Fig. 2. BAO signature obtained in the 2PACF by analyzing the sample in the redshift interval z ∈ [0.105, 0.115], with δz = 0.01. The bin size in this 2PACF is 1.25°, and we use 50 random catalogs with the same observational features as the galaxy catalog.

Fig. 3. Covariance matrix for the 2PACF obtained from Eq. (4) using the set of log-normal simulated maps (see Sect. 2.2).

4.1. Statistical significance

The statistical significance of the BAO angular measurement was obtained through the χ² method,

$$\begin{array}{c}\hfill {\chi }^2(\alpha )={[w-w^{\mathit{fit}}(\alpha )]}^T{\mathrm{Cov}}^{-1}[w-w^{\mathit{fit}}(\alpha )],\end{array}$$(5)

where we used the inverse of the covariance matrix, Cov, estimated as described in Sect. 3.2 and shown in Fig. 3. The symbols [ ] and [ ]^T represent column vectors and row vectors, respectively.

Following de Carvalho et al. (2018), we adjusted the parameters of Eq. (3) based on the minimum χ² method for α ∈ [0.85, 1.25], which is called the scale dilation parameter, for two cases: considering C as free parameter, C ≠ 0 (${\chi }_{\min }^2=13.13$), and imposing C = 0 (${\chi }_{\min }^2=22.06$), where ${\chi }_{\min }^2$ corresponds to α_min = 0.996, the latter case representing the non-BAO case. Table 1 shows the best-fit parameters obtained considering α = 1.
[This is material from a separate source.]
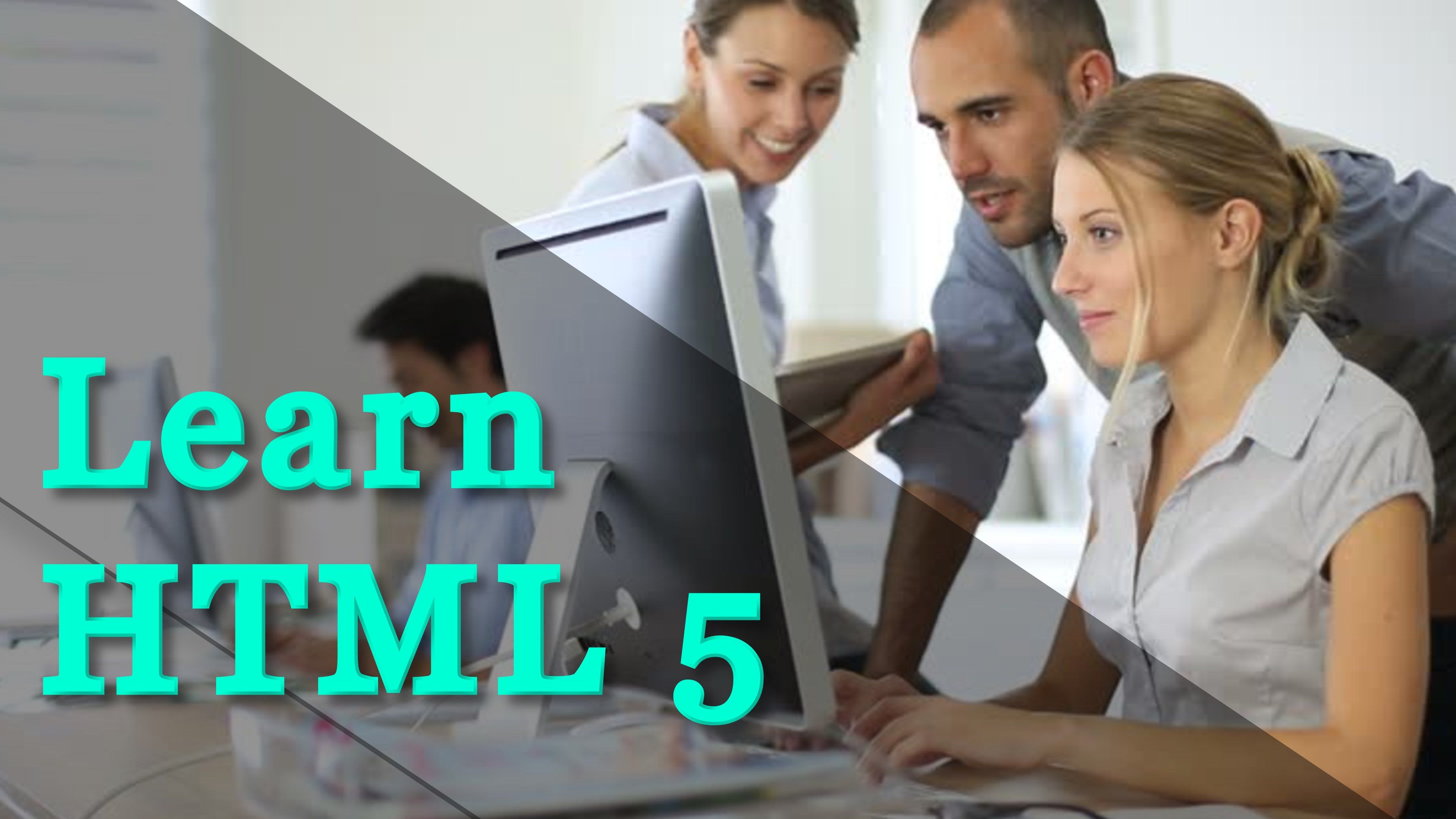 Learn HTML 5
As a result, the best-fit⁴ of the non-BAO case (16 degrees of freedom, d.o.f.), compared to the BAO case (13 d.o.f.), is disfavored by Δχ² = 8.93. Therefore our BAO angular detection has a statistical significance of 2.2σ, which is compatible with the distance of the C parameter from zero.

4.2. Projection effect in the 2PACF

To know the angular scale θ_BAO, we need to correct the θ_FIT due to the projection effect, which produces a shift in the BAO bump position (Sánchez et al. 2011). To quantify this shift, we first computed the expected angular BAO scale, ${\theta }_E^0$, corresponding to the bump position for the case δz = 0 calculated from the expected 2PACF,

$$\begin{array}{c}\hfill w_E(\theta ,z)={\displaystyle {\int }_0^{\infty }}\mathrm{d}{z}_1\varphi (z_1){\displaystyle {\int }_0^{\infty }}\mathrm{d}{z}_2\varphi (z_2){\xi }_E(s,z),\end{array}$$(6)

where z = z_eff = (z₁ + z₂)/2, with z₂ = z₁ + δz, and ϕ(z_i) is the normalized galaxy selection function at redshift z_i. The function ξ_E is the 2PCF expected in the fiducial cosmology, given by (see, e.g., Sánchez et al. 2011)

$$\begin{array}{c}\hfill {\xi }_E(s,z)={\displaystyle {\int }_0^{\infty }}\frac{\mathrm{d}k}{2{\pi }^2}{k}^2{j}_0(ks)b^2{P}_m(k,z),\end{array}$$(7)

where j₀ is the zeroth-order Bessel function, P_m(k, z) is the matter power spectrum, and b is the bias factor.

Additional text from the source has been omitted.